= Calvin Pollard =

American architect

Calvin Pollard (June 14, 1797 - 1850) was a New York City architect. He is known for his early design of the Brooklyn Borough Hall, the Petersburg courthouse, and numerous other schools and houses in the New York City area.

==Life and career==
Pollard was born in New Braintree, Massachusetts, the child of John Pollard and Kezia Heyward. His family moved to Cazenovia, New York, in 1803 before moving to New York City in 1818.

Pollard designed the St. Paul's Episcopal Church and Rectory at Ossining, New York, in 1834, now Calvary Baptist Church. In that same year, he won the contest to design the City Hall for Brooklyn. Construction began in 1836, but only the foundation had been laid when funds ran out. Nine years later, Gamaliel Kings revised Pollard’s plans and construction resumed, finally completing in 1848.

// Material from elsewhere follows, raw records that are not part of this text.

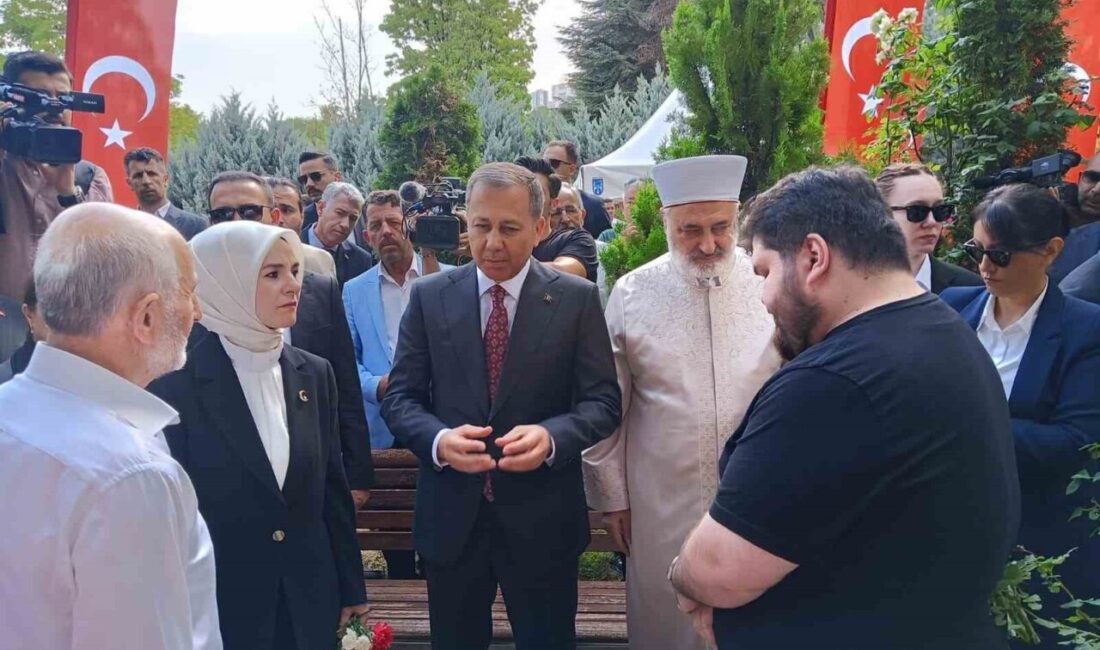 İçişleri Bakanı Ali Yerlikaya ve Aile ve Sosyal Hizmetler Bakanı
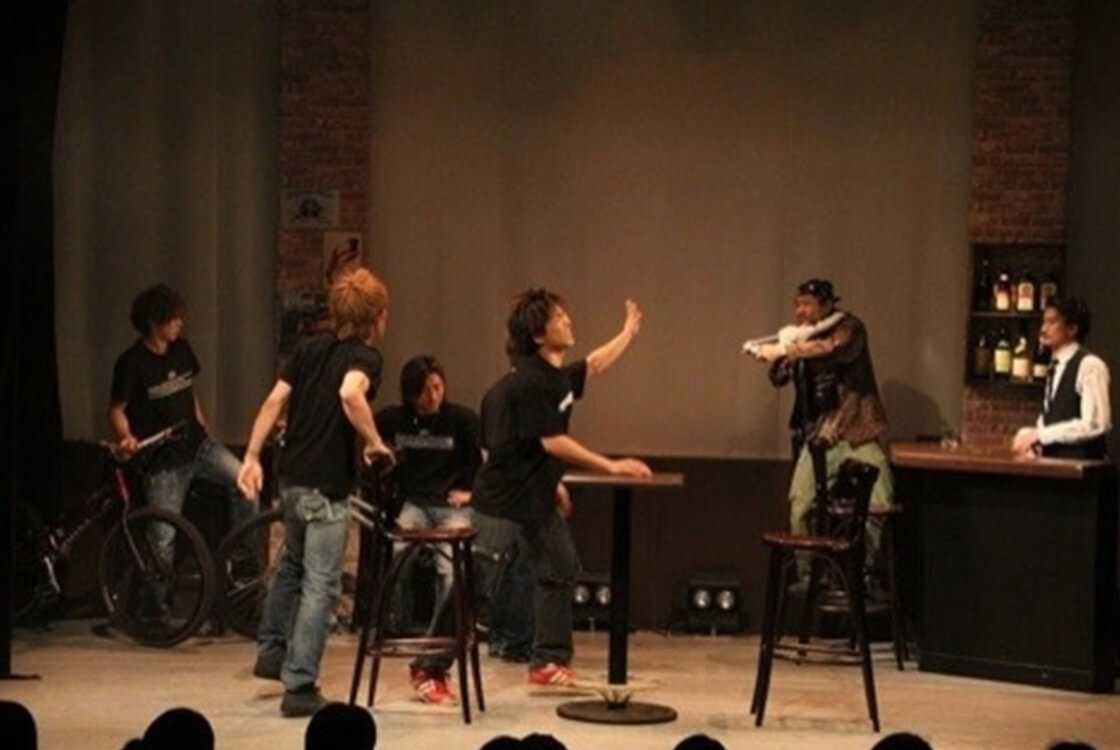 役者として舞台で役を演じるKIKKY（山崎清之）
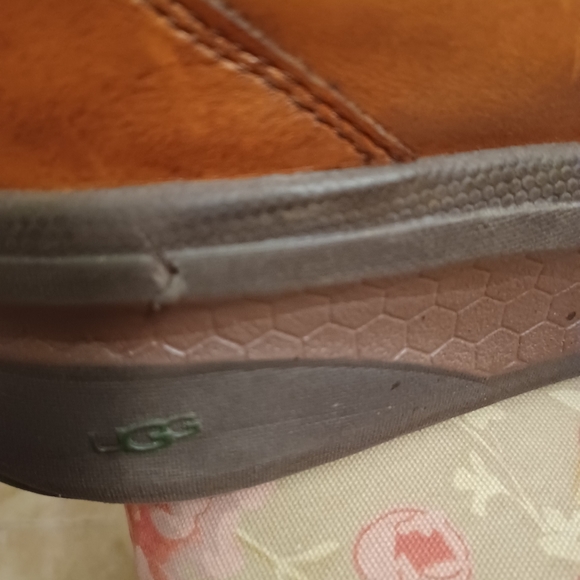 UGG Waterproof Leather Lace Up Boot with Sherling fur Size 7 Gorgeous - Picture 11 of 16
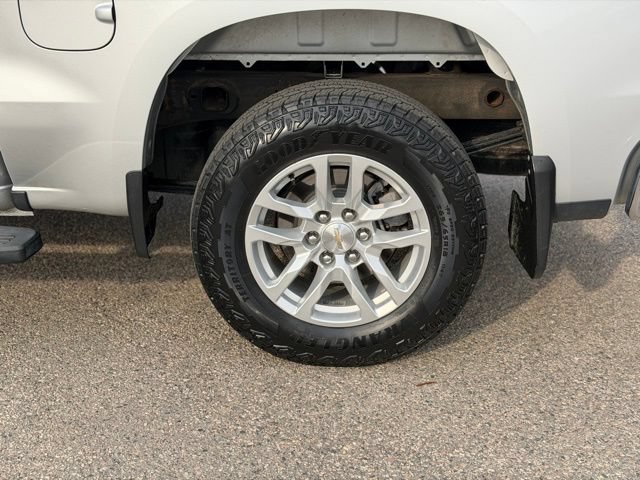 Used 2021 Chevrolet Silverado 1500 LT AWD/4WD image 13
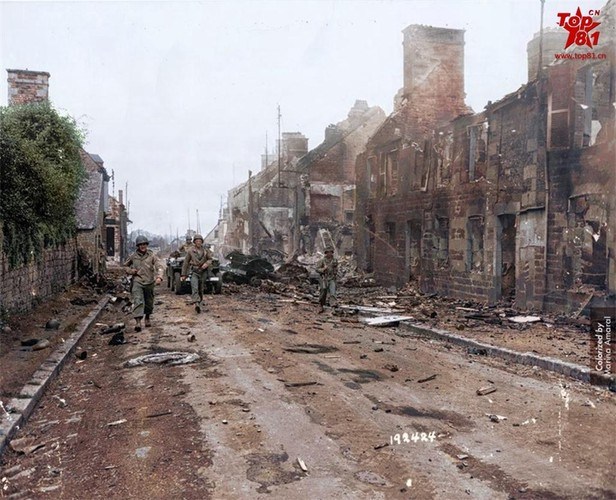 Binh sĩ Mỹ di chuyển trên một con phố tan hoang sau cuộc đọ súng.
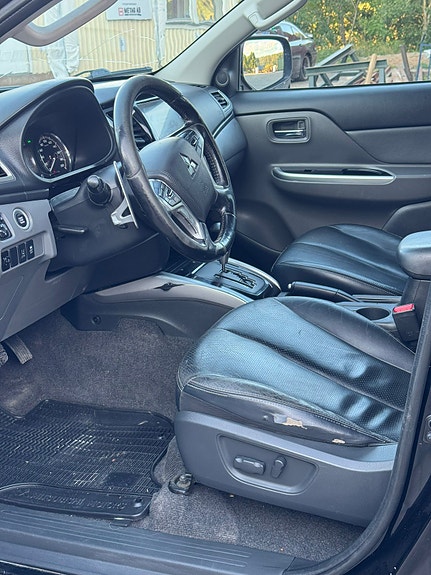 Mitsubishi L200 3 of 6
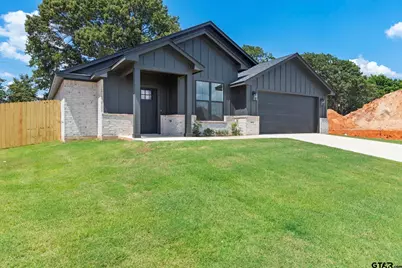 16522 Crossing Circle, Lindale, TX 75771 - Photo 3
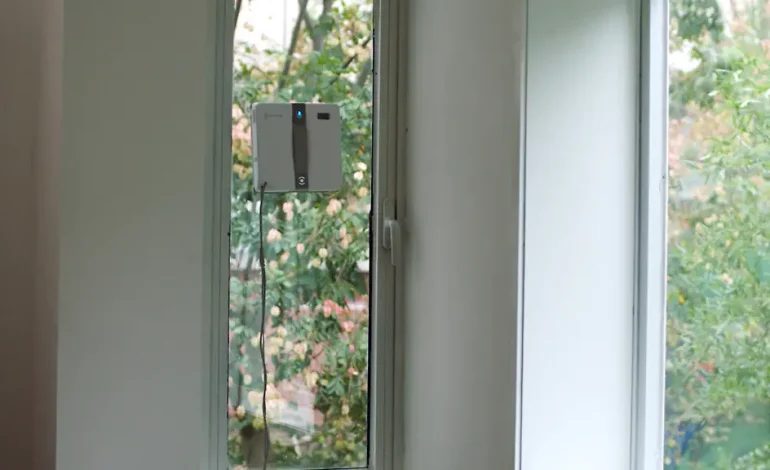 Klare Sicht mit dem Ecovacs Fensterputzroboter Winbot Mini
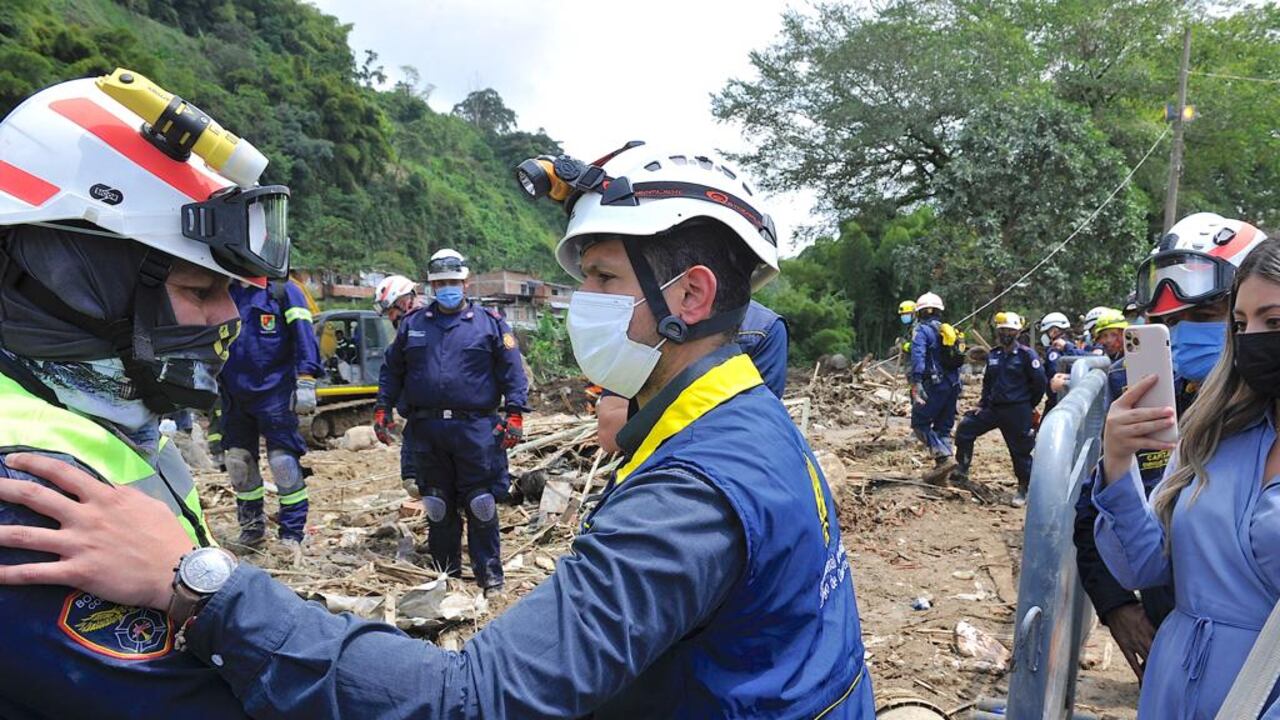 Daniel Palacios, ministro del Interior, visitó la zona de la emergencia, en Pereira.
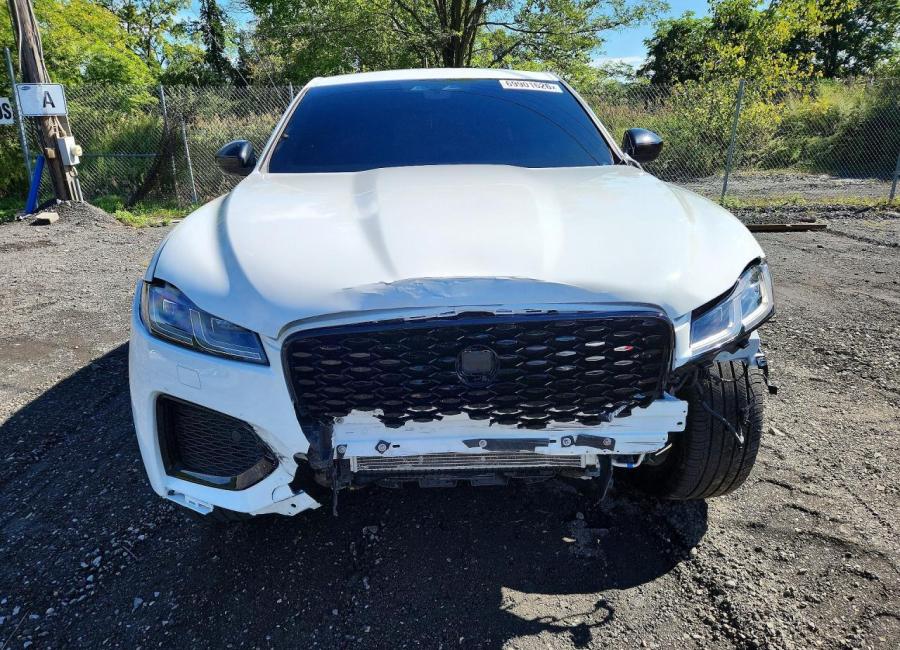 Salvage 2025 Jaguar F-pace R-dynamic S in White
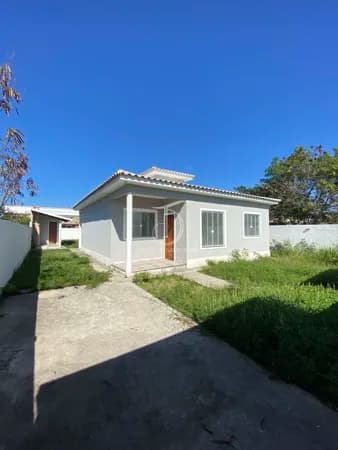 Casa aconchegante com ótimo espaço interno e quintal gramado!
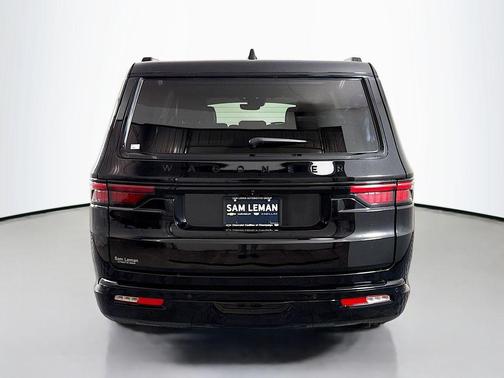 2024 Jeep Wagoneer Series II Carbide 4x4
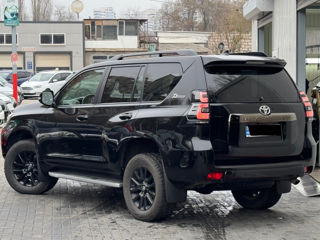 Toyota Land Cruiser Prado foto 4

In 1836, Pollard built the Brandreth Pill Factory in Ossining, listed on the National Register of Historic Places in 1980. The Petersburg Courthouse in Petersburg, Virginia built between 1838 and 1840 is a Classical revival courthouse. It was part of the Siege of Petersburg during the Civil War. It was listed on the National Register of Historic Places in 1973. In 1837 he designed the Olympic Theatre on Broadway.